## Exercise details
Copy, word for word, the lines below from the one containing "So if you have" up to and including the one containing "Hello, this is", with pictures left out.

## Extracted material

===============

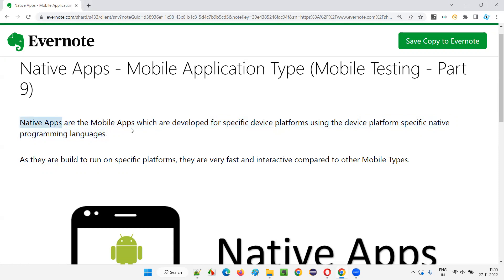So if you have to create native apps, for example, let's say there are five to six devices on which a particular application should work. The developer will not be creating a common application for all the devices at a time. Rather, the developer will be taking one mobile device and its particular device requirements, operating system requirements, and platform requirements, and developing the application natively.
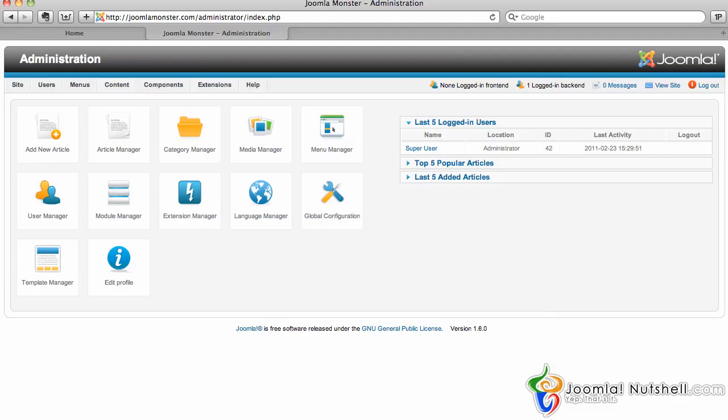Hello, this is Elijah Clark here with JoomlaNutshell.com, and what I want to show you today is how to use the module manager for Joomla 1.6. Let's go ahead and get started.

===============

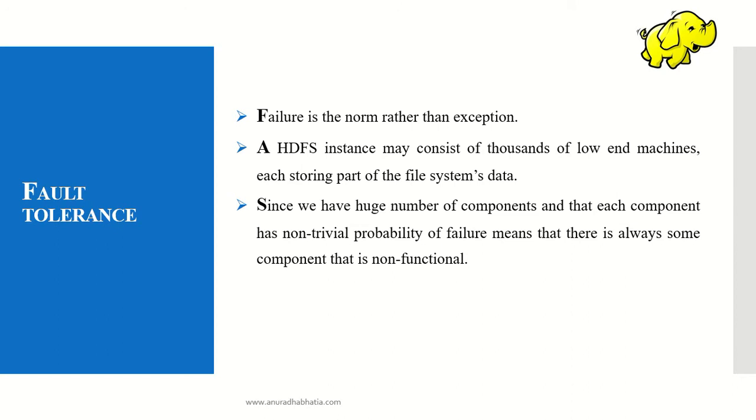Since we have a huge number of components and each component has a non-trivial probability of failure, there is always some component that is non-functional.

===============

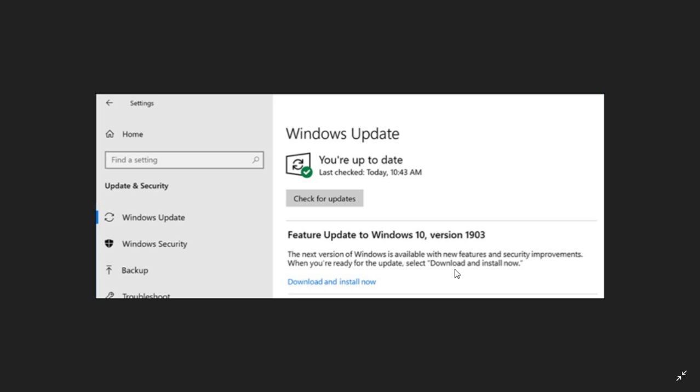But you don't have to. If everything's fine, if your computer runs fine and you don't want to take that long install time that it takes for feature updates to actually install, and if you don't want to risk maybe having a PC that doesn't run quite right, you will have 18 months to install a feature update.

===============

## Written answer
So if you have to create native apps, for example, let's say there are five to six devices on which a particular application should work. The developer will not be creating a common application for all the devices at a time. Rather, the developer will be taking one mobile device and its particular device requirements, operating system requirements, and platform requirements, and developing the application natively.
Hello, this is Elijah Clark here with JoomlaNutshell.com, and what I want to show you today is how to use the module manager for Joomla 1.6. Let's go ahead and get started.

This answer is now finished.